TASK INPUT =
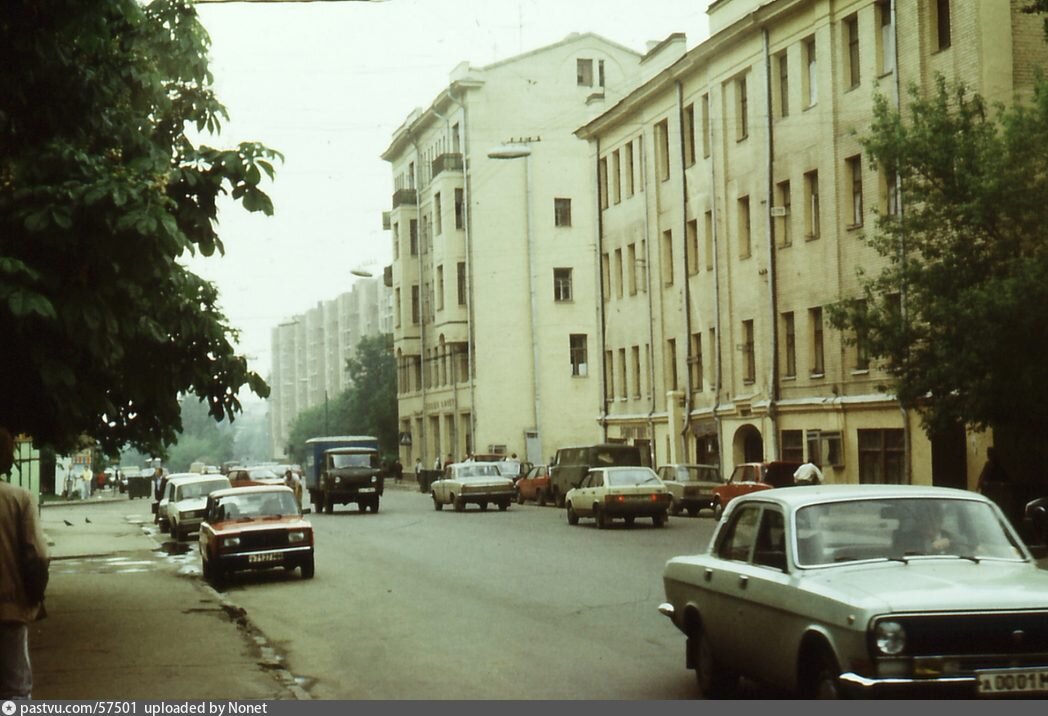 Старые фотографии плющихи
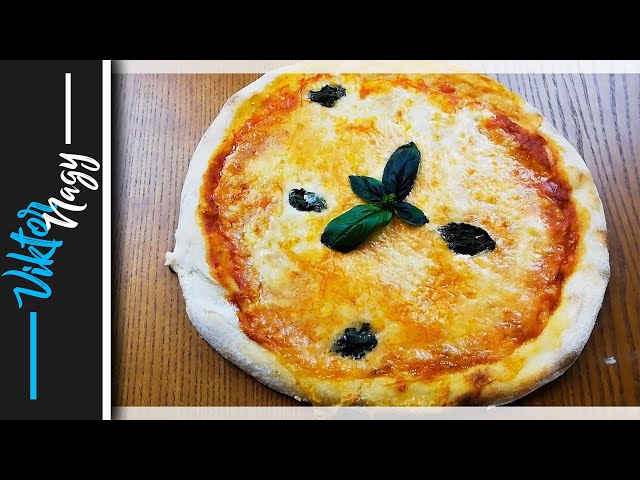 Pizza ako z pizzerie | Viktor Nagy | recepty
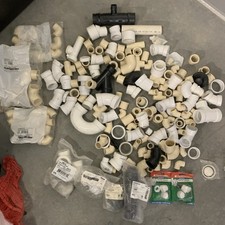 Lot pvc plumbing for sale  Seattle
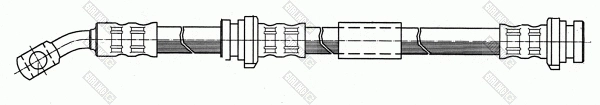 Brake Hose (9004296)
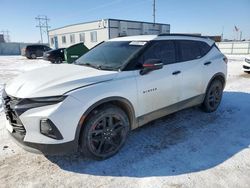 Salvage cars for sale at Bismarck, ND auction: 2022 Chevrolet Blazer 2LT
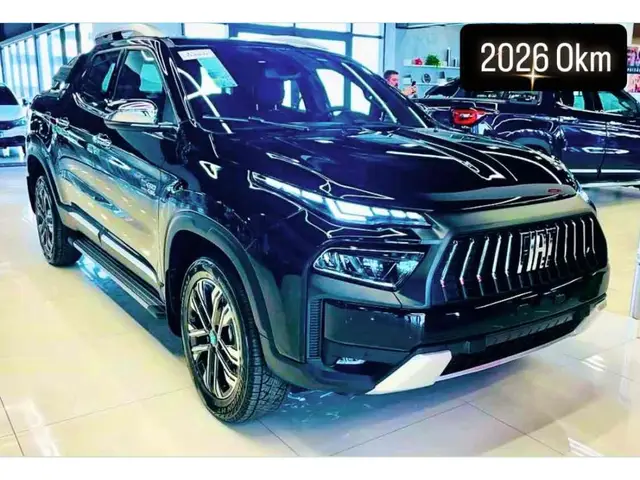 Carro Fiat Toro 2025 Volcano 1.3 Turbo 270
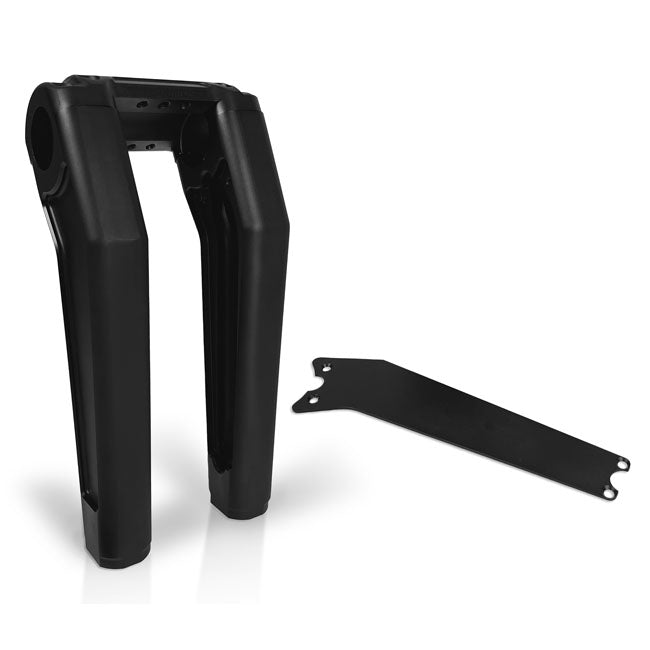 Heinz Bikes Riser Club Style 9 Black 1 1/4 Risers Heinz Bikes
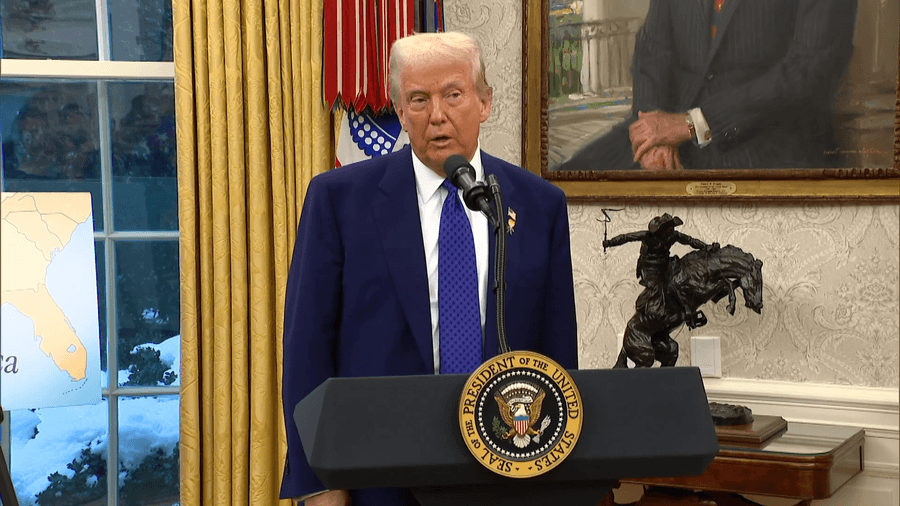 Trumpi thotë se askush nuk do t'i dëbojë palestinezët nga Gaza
---
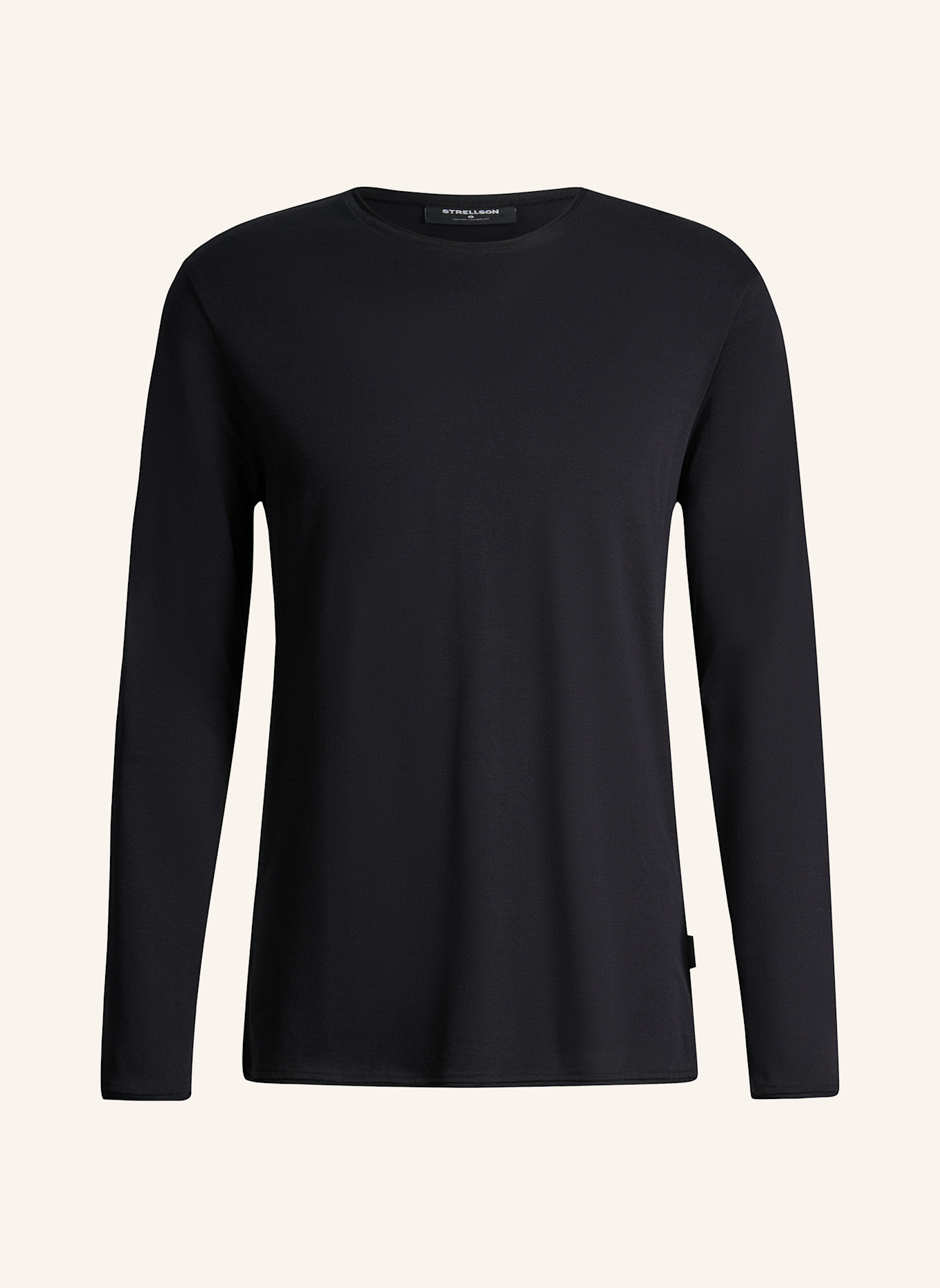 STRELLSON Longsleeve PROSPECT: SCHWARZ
---
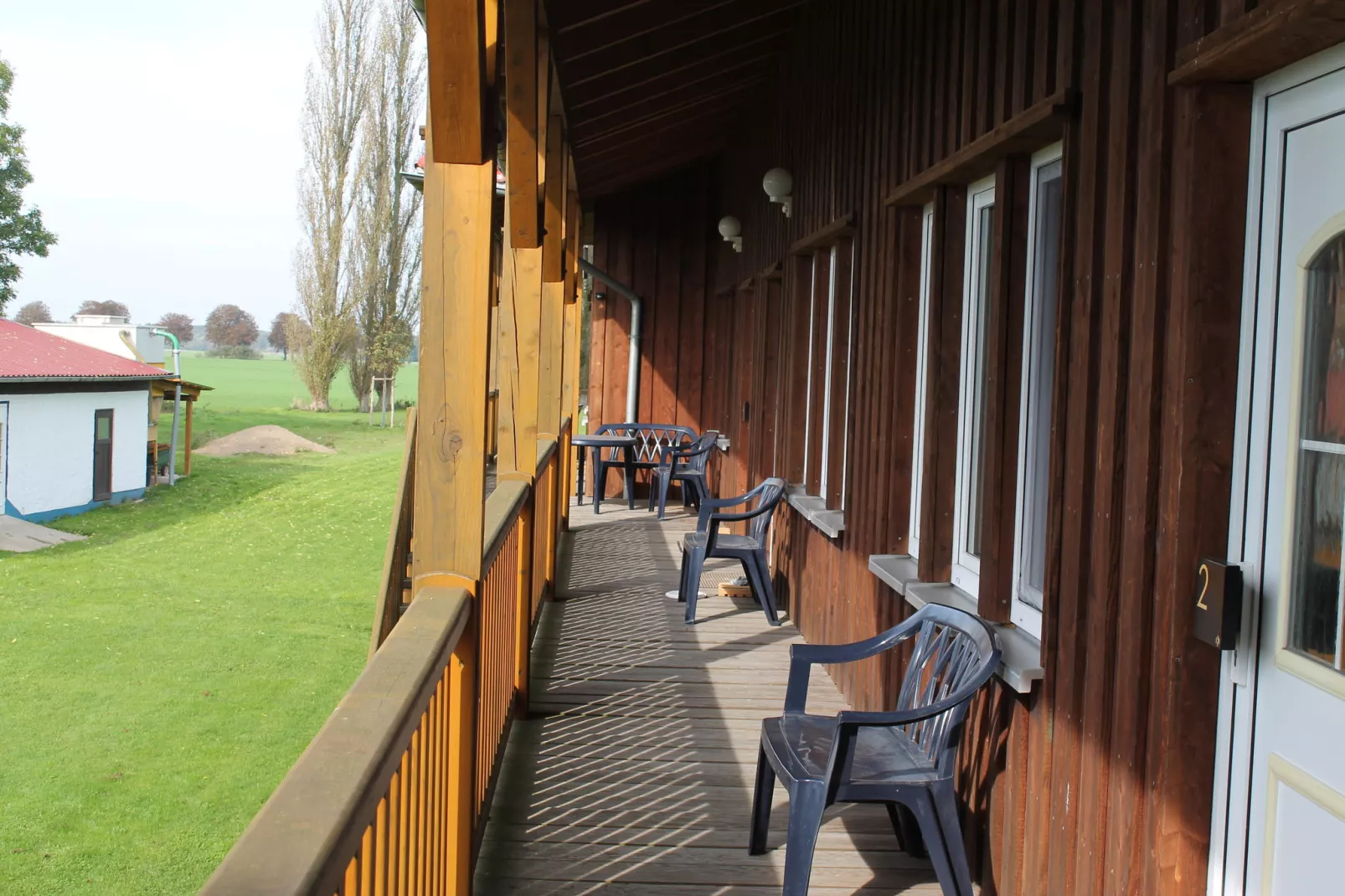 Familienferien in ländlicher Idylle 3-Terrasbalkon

YOUR GOAL = Transcribe, word for word, the stretch of lines in the data above from the one with "Pizza ako z pizzerie | Viktor Nagy | recepty" through the one with "Trumpi thotë se"; omit all pictures.

ANSWER SPACE =
 Pizza ako z pizzerie | Viktor Nagy | recepty
 Lot pvc plumbing for sale  Seattle
 Brake Hose (9004296)
 Salvage cars for sale at Bismarck, ND auction: 2022 Chevrolet Blazer 2LT
 Carro Fiat Toro 2025 Volcano 1.3 Turbo 270
 Heinz Bikes Riser Club Style 9 Black 1 1/4 Risers Heinz Bikes
 Trumpi thotë se askush nuk do t'i dëbojë palestinezët nga Gaza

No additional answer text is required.